One more thing to check is if you're not building this package with C++11 ABI enabled, because all the pip-installed libraries are built using the old ABI. If you point the above nm command to another library/executable file built in the same project, it uses C++11 ABI iff grepping for __cxx11 yields some results.

moorage commented 6 years ago

I'm running into a (similar?) issue with TF 1.7 that I compiled myself (necessary to do for the NVIDIA drivers I'm running). Do we have to build TF with C++11 ABI enabled, tensorflow_ros package with C++11 ABI enabled, or both?

peci1 commented 6 years ago

@moorage Highly depends on the system where you're running the package. Recently I was compiling ROS indigo on Debian Stretch, and found out that all the system libraries are using the new ABI, so I needed to recompile everything with the new ABI. So I would say it's best to compile everything with the same ABI your system packages use.

moorage commented 6 years ago

Would "recompile everything" include ros as well (kinetic in our case)?

peci1 commented 6 years ago

If you're on Ubuntu 16.04, ROS Kinetic from the official repos is compiled with the new ABI. So it should be sufficient to compile TF with the new ABI. But I'm not sure if the pip-wheel bazel target doesn't automatically select the old ABI, because (AFAIK) all pip libraries are still being compiled with the old ABI.

I'm now working on proper support for custom builds of TF using the libtensorflow_cc.so library. You can try waiting for it.

peci1 commented 6 years ago

Anyway - I hope you've noticed there's a kinetic-devel branch in tensorflow_ros_test. This branch shows how to make a workaround for the case TF and ROS ABI differ.

That would apply for pip-installed TF on Xenial, for example, or custom compiled TF with the old ABI on Xenial. If you compiled TF yourself with the new ABI (which I'm not sure is possible with the pywrap_tensorflow library), you should go with the master branch.

sarlinpe commented 6 years ago

@peci1 I indeed have these symbols in _pywrap_tensorflow, and it seems that I'm using the old ABI.

Turns out that I had accidentally commented out

LIBRARIES ${TENSORFLOW_LIBRARIES} python2.7 # yes, we also need to link against python...

Changing python2.7 to python3 does the trick. Thanks!

sarlinpe commented 6 years ago

I ended up creating a Catkin package to build Tensorflow from source using the official CMake build.

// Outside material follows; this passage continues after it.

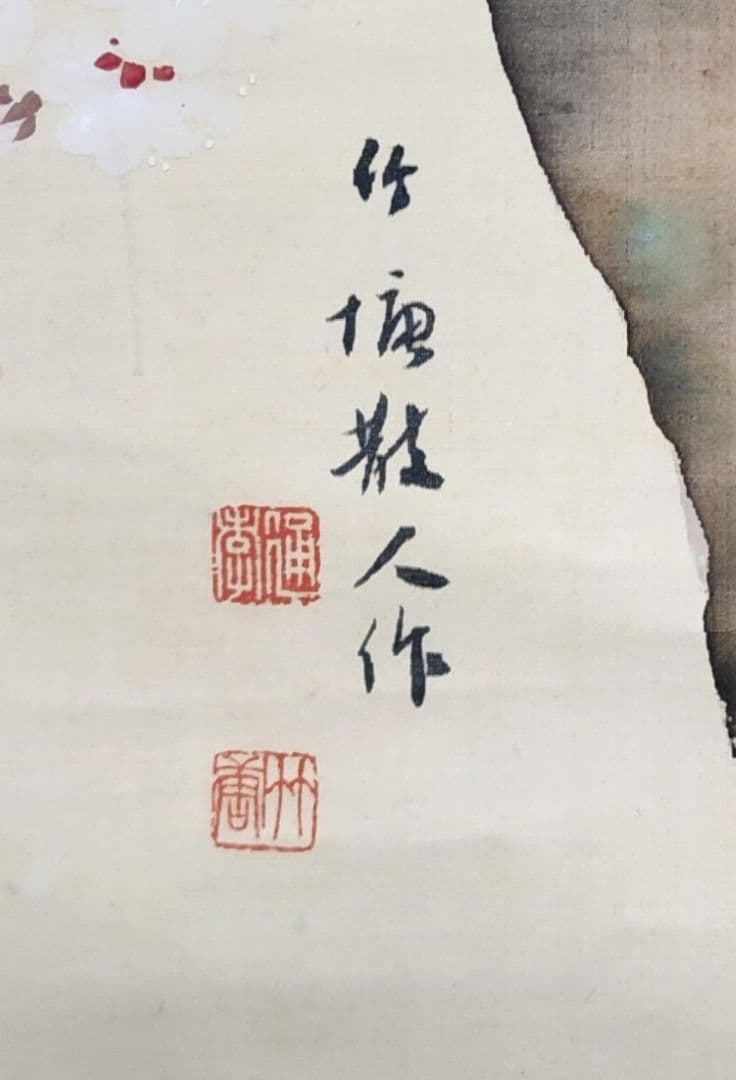 【桜花図】土居竹塘 2710 サクラ 春掛け 掛け軸 肉筆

moorage commented 6 years ago

@Skydes nice!! Did you use tensorflow_ros and/or tensorflow_ros_test with that catkin package? If so, which branch(es)?

sarlinpe commented 6 years ago

@moorage No, it's doesn't use the pip wheel but builds from source instead.

peci1 commented 6 years ago

@Skydes @moorage I did a lot of improvements to the code of this package, and I also improved the documentation. Now the package is more like an interface to TF installed in various ways (including your catkin package). You can give it a try if it fixed your issues.

In the documentation, I also tried to describe what exactly are the C++ ABI problems, so it might help you understanding if you're trying the right thing.

sarlinpe commented 6 years ago

Thanks a lot for the improvements! It seems much more usable now. I'm facing the C++ ABI problem, so I don't really need tensorflow_ros (for now at least) as the catkin package provides the interface I need.

FYI: I'm working on scrapping out unnecessary GRPC/Python dependencies of tensorflow_catkin, so its build time should be reduced.

peci1 commented 6 years ago

Great. I had some problems building with tensorflow_catkin, which I solved by numerous hacks (mainly regarding gomp library, grpc and jpeg). Next week I'll try to summarize what I needed to do to actually succeed compiling on a pretty blank Xenial machine.

Anyways, the idea with the new version of tensorflow_ros is to be able to create ROS packages, that leave their users freedom in the way how they "supply" tensorflow. Somebody wants to compile, somebody is good with the pip version, somebody has a bazel build already...